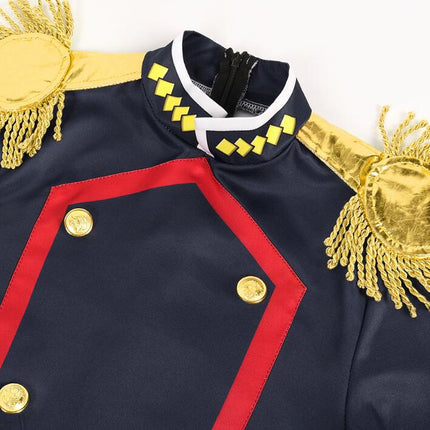Elite Soldier Costume Yuzen Kyoka Tohimanrin Izumo Tianhua Cosplay Costume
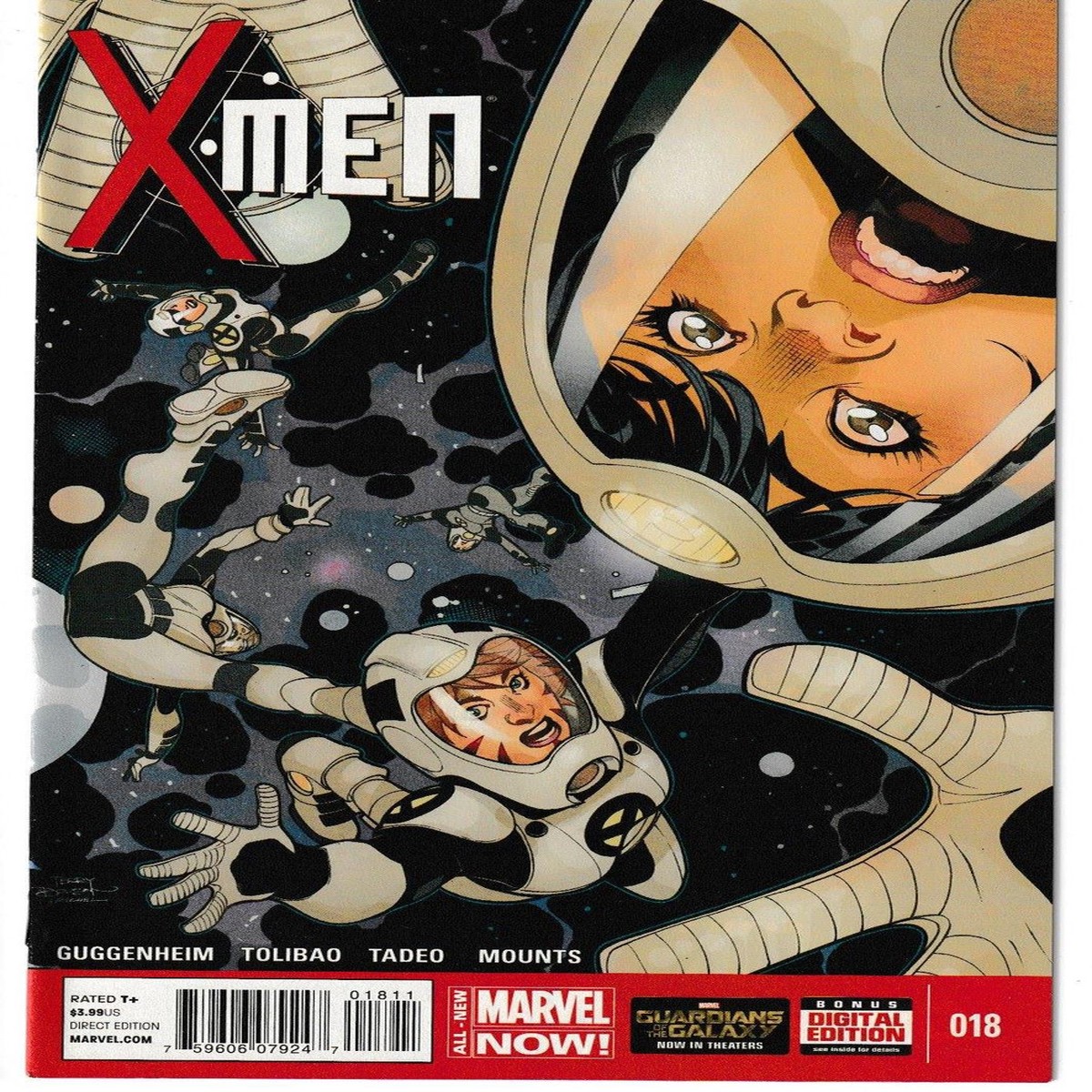 X-MEN (2013) #18 (MARVEL 2014)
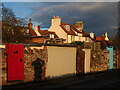 NT6678 : East Lothian Townscape : Shadows and light by Richard West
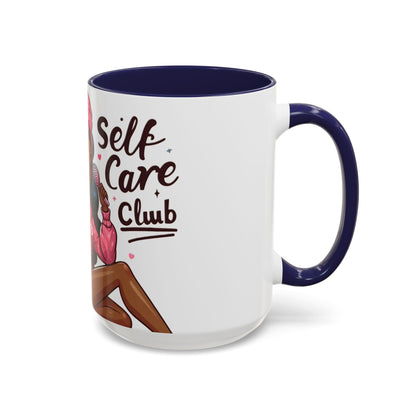 Self care Coffee Mug (11, 15oz)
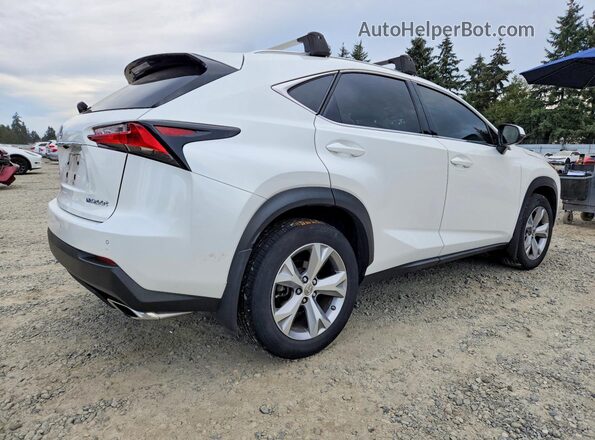 JTJBARBZ5H2109346 2017 LEXUS NX White Rear right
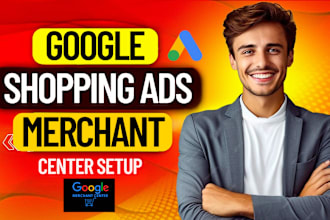 run google shopping ads and set up your merchant center for maximum ROI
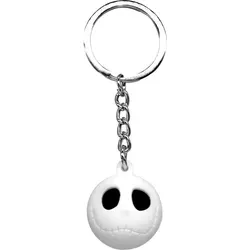Nightmare before Christmas Ball-Schlüsselanhänger Jack (Happy)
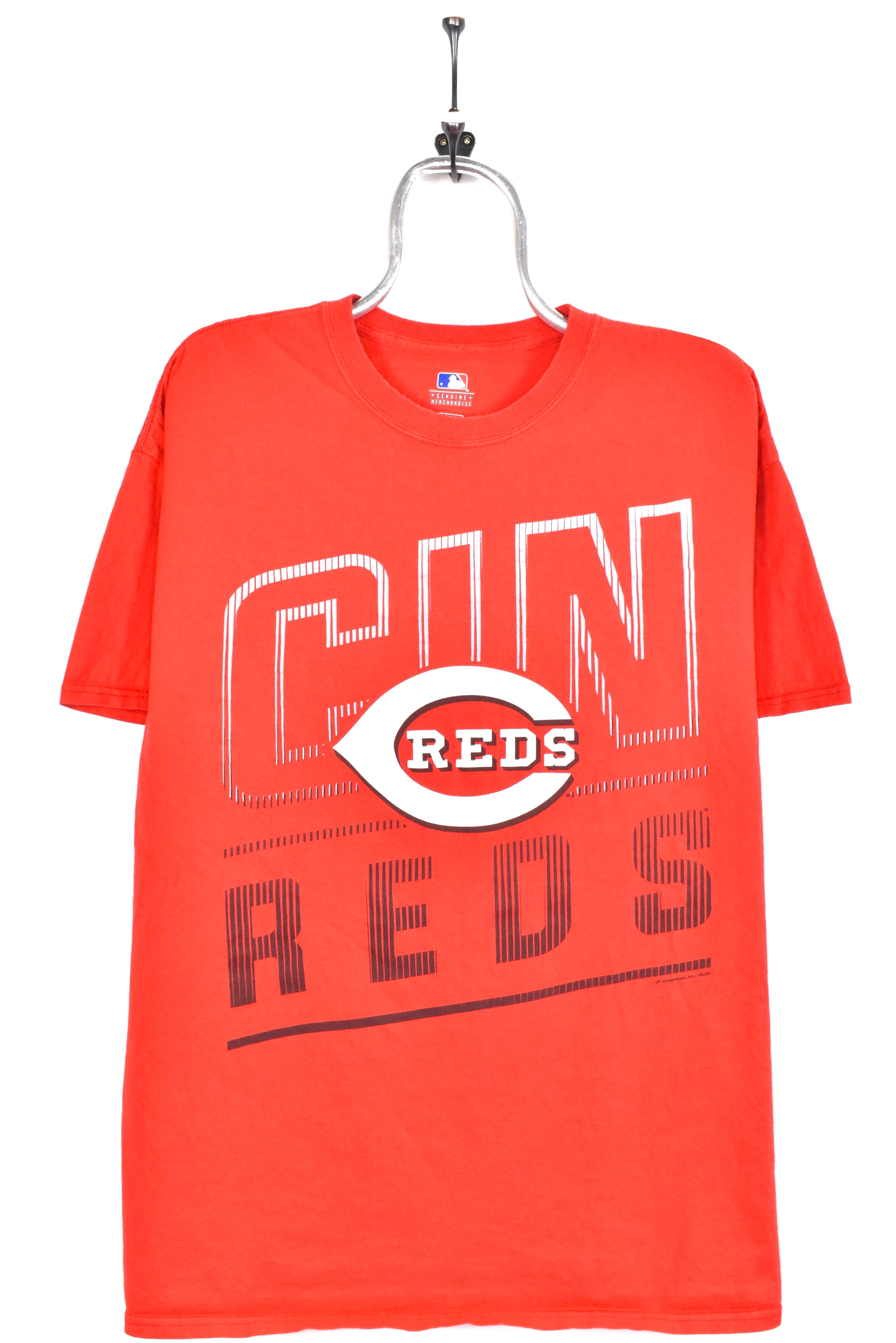 Vintage Cincinnati Reds shirt, MLB red graphic tee - AU XL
******
Reproduce the material exactly; omit the pictures.

Elite Soldier Costume Yuzen Kyoka Tohimanrin Izumo Tianhua Cosplay Costume
 X-MEN (2013) #18 (MARVEL 2014)
 NT6678 : East Lothian Townscape : Shadows and light by Richard West
 Self care Coffee Mug (11, 15oz)
 JTJBARBZ5H2109346 2017 LEXUS NX White Rear right
 run google shopping ads and set up your merchant center for maximum ROI
Nightmare before Christmas Ball-Schlüsselanhänger Jack (Happy)
 Vintage Cincinnati Reds shirt, MLB red graphic tee - AU XL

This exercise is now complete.